Tuesday, June 24, 2008

Tips for Trading Care

Ah, what a morning! I had a bit of time to myself, since I found another mother to trade care with. It was great: I took a long shower; spent some quality time with Gus, our cat; and made a gourmet lunch and had time to linger over it. Roasted beets on a bed of flash sauteed beet greens with Kalamata olives and a huge chunk of chevre. Yum! This Thursday will be my turn to watch my friend's daughter, and then next Tuesday morning is mine again. Lovely.

Organizing a trade for child care may sound pretty straightforward-- just ask a friend if they want to trade care, right? However, some of my experiences, and several stories I have heard, suggest otherwise. So, here are some areas you might want to discuss when you and your friend decide to give each other a little time off.

1. Which times work best? Discuss up front which times really do and don't work for you. You may feel like you want to be accommodating to your friend, but over the long haul, it needs to work for you too, or it just won't work. So be understanding if someone isn't going to be available in the evenings, even if you are. Decide what feels right and makes sense for your family's needs.
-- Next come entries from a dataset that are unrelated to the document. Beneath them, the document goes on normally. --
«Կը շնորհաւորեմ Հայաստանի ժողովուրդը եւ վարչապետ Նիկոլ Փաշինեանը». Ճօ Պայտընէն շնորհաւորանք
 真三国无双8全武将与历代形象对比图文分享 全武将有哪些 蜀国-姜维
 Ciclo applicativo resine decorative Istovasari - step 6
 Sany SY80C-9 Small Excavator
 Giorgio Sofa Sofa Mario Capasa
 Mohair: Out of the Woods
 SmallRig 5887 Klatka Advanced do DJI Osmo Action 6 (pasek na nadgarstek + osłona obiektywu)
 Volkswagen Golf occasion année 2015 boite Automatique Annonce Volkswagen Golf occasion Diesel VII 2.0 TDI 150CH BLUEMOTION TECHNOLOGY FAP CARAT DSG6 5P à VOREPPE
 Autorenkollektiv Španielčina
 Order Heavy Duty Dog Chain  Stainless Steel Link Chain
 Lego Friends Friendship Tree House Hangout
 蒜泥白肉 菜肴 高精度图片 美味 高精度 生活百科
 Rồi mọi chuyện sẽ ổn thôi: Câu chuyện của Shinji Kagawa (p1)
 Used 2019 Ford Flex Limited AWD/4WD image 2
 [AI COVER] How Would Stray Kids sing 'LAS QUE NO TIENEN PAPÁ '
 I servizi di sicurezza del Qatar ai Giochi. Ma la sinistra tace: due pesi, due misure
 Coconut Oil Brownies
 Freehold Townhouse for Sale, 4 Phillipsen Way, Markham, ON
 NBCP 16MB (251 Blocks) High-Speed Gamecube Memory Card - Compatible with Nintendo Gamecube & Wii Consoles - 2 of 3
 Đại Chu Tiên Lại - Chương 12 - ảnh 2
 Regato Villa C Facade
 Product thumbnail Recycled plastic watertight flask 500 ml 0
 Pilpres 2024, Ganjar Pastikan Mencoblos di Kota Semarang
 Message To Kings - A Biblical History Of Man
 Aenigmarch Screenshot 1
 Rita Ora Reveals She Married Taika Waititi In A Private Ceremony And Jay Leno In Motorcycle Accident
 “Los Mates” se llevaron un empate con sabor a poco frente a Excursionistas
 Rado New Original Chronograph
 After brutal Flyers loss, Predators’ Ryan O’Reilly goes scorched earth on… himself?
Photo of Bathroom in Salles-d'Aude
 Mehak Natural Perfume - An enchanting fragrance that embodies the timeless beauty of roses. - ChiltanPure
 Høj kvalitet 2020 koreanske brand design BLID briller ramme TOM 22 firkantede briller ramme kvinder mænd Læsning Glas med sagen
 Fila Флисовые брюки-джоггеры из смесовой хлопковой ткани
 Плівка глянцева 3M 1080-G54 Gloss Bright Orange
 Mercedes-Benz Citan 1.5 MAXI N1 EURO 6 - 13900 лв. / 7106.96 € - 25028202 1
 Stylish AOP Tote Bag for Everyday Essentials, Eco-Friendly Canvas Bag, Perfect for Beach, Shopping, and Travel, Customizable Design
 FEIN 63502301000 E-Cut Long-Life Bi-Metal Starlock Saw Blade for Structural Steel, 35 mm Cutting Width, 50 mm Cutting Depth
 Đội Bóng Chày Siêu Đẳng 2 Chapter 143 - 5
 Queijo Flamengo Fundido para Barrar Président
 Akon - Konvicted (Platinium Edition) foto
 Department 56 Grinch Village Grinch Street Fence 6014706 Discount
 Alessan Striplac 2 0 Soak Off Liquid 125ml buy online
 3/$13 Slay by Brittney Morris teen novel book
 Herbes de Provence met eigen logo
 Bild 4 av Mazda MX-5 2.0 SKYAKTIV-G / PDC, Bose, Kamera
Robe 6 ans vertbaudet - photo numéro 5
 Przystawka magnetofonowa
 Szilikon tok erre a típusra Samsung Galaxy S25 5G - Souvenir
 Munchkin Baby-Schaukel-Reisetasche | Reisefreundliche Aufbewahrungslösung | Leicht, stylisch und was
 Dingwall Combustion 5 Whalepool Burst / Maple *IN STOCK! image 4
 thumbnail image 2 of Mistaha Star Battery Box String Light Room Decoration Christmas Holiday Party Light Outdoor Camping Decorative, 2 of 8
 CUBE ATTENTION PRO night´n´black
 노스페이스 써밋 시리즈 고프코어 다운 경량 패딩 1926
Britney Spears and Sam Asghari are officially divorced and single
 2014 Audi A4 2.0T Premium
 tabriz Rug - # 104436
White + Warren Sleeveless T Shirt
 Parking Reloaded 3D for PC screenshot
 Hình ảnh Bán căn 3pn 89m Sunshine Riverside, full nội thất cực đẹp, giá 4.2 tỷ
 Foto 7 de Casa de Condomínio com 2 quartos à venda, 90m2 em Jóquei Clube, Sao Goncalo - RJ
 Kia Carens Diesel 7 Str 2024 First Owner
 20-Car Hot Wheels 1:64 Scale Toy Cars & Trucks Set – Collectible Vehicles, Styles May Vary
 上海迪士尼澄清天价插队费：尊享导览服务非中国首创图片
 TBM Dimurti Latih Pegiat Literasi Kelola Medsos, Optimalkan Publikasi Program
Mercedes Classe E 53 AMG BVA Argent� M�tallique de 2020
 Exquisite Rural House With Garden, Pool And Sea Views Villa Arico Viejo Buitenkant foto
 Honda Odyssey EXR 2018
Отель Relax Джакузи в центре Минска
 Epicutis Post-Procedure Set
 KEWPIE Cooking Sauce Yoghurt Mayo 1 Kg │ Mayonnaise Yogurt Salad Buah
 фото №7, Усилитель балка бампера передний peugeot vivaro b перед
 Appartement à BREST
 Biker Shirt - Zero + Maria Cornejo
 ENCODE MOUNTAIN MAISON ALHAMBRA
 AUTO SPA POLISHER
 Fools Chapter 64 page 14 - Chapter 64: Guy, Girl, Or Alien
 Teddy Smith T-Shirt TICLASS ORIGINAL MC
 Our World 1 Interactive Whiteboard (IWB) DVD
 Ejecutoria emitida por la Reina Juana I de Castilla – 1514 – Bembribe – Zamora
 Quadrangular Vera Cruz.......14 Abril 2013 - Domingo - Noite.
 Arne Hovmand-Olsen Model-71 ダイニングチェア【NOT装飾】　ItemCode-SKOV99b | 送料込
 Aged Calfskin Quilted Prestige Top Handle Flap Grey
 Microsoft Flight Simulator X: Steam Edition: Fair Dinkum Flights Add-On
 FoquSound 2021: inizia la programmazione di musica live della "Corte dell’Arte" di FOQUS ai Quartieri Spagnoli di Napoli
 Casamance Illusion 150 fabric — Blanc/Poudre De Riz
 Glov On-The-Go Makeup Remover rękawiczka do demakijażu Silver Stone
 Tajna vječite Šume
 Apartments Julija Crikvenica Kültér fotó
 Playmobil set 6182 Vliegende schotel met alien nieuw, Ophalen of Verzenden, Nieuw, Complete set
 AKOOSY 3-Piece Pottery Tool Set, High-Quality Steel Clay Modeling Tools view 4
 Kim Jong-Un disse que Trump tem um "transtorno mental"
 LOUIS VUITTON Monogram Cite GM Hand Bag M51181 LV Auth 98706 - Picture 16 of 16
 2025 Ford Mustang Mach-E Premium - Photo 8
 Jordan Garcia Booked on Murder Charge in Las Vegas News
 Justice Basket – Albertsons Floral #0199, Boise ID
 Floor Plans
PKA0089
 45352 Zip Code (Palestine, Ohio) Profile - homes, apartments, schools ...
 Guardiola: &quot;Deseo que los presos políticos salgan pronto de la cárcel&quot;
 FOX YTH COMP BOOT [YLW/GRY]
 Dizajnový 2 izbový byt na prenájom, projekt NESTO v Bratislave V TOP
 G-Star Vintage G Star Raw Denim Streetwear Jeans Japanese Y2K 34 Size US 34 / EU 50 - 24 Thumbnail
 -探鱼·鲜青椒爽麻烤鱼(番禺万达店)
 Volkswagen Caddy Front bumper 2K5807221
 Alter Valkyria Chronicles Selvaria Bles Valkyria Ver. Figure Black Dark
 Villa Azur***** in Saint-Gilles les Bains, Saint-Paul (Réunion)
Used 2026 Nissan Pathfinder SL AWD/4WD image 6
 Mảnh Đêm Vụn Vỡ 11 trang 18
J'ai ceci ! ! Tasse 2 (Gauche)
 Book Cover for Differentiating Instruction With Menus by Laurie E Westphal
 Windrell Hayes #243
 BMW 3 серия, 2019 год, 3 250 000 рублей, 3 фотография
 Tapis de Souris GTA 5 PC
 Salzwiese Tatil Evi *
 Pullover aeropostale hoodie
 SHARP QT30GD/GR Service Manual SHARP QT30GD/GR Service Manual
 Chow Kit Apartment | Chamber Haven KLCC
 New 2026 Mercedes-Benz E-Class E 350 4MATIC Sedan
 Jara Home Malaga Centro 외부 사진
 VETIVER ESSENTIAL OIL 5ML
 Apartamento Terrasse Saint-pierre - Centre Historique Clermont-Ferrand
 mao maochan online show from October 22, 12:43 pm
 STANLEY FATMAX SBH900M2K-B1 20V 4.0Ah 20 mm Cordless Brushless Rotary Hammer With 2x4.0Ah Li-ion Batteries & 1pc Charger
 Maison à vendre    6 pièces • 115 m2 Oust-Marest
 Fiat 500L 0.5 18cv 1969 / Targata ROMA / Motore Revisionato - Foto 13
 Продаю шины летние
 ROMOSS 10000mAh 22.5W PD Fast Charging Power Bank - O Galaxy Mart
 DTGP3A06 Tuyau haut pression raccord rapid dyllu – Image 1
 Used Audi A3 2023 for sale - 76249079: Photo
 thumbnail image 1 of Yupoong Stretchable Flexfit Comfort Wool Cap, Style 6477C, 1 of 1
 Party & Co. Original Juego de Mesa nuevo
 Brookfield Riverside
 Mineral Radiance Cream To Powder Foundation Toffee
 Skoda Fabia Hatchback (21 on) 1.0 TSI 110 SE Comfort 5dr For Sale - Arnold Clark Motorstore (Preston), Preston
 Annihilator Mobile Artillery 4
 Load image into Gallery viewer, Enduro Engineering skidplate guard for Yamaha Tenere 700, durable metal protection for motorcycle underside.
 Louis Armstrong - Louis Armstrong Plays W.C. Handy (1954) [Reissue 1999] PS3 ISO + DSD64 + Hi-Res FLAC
2. Keep track of dates on the calendar.There are two reasons to keep track of every appointment on the calendar. First and most immediate, no one wants to show up at someone's house only to discover that no one's home or that your sweet child wasn't expected. Planning for these times helps everyone transition more easily. Second and more long term, a traded care arrangement will last much longer if both parties feel like they're getting a fair deal. If it's on the calendar, and someone feels like someone else might be taking advantage, it's easy to look at the dates and see if it's true or if this perception is due some other factor.

3. Be thorough in exchanging information.Be sure the other parent knows about allergies to food, if your child is teething (and more prone to biting), if they have had a larger or smaller breakfast, and anything else that will help make the time go smoothly. Exchange phone numbers and emergency numbers. Also speak up about preferences: if you would prefer your child not to watch television or eat sugary snacks, it's better to speak up than to leave the impression that any old thing is fine. Don't inundate the other person with information, but do bring up anything that you feel strongly about.

4. Find someone of like mind. Knowing that your child is with someone who parents in a similar style to yourself really helps. This isn't always possible; part of this depends on how much you need care. If you aren't sure, don't go there. I always think it's a good idea to know the parent for a while and have seen them in action with their own kid. If you don't know their opinions about spanking/swatting or other hot-button topics, it's better to ask up front. The same might be asked about other popular discipline techniques if it matters to you.

5. Bring your child happy and healthy and ready to go. By this, I don't mean sunshine and lollipops, I mean make sure your child hasn't been mysteriously crying all morning, isn't spouting snot from every orifice, and doesn't have an ugly rash. No parent wants their child exposed to germs, so when your kiddo isn't up to snuff, keep them home. Also, it's summer right now, so be sure to put on some sunblock and take care of that last diaper change, if need be, before saying goodbye. It's a nice, considerate thing to do for your child and the other parent.

6. Be clear about time limits. While I was nannying, there was sometimes the occasional parent that would drop their child off late for a playdate and assume that it meant they could pick up just as late. "Well, we got there half an hour late, so I'm going to pick up half-hour late." Um...although it seems logical, it doesn't work that way for a lot of people. The other parent may have something (naps, appointments, etc.) planned and need for you to be on time. This said, if you are late dropping off your child, plan on picking up at the usual time. It's fine to ask if your friend can watch your child for an extra amount of time, but if she agrees, be sure to offer (or bank) that time for her. i.e.--Wilma asks Betty to watch Pebbles for an extra half hour because the mastodon shower was all tied up and she was late arriving to play with BamBam. Next time, Wilma should take BamBam for an extra half hour, or offer to do it at a later date which works for Betty. Betty may decline, but at least that offer is out there, and everyone feels better.

7. Be gracious when someone's availability changes, or if they decide it's just not working for them or their child. All good things come to an end. When one or the other of you decide that it's not going to work anymore, it isn't. If there is time outstanding on one side or the other, find a way to honor that time. It isn't always possible, life isn't always even-steven, but understand that if you want to keep the friendship, finding a way to end things on a good note is important. Ultimately, your child's care is your responsibility and no one else's.

I hope this covers all the bases. Obviously, it's never a good idea to leave your child with someone you don't trust completely, or a friend that has regular falling-outs or arguments with yourself or other friends. Or anyone you know to be extremely litigious. Or with a child you just don't like. Just a good idea not to go down that path. Otherwise, keep everything up front with each other and enjoy your new arrangement. Take care of your new child care arrangement, and it will take care of you.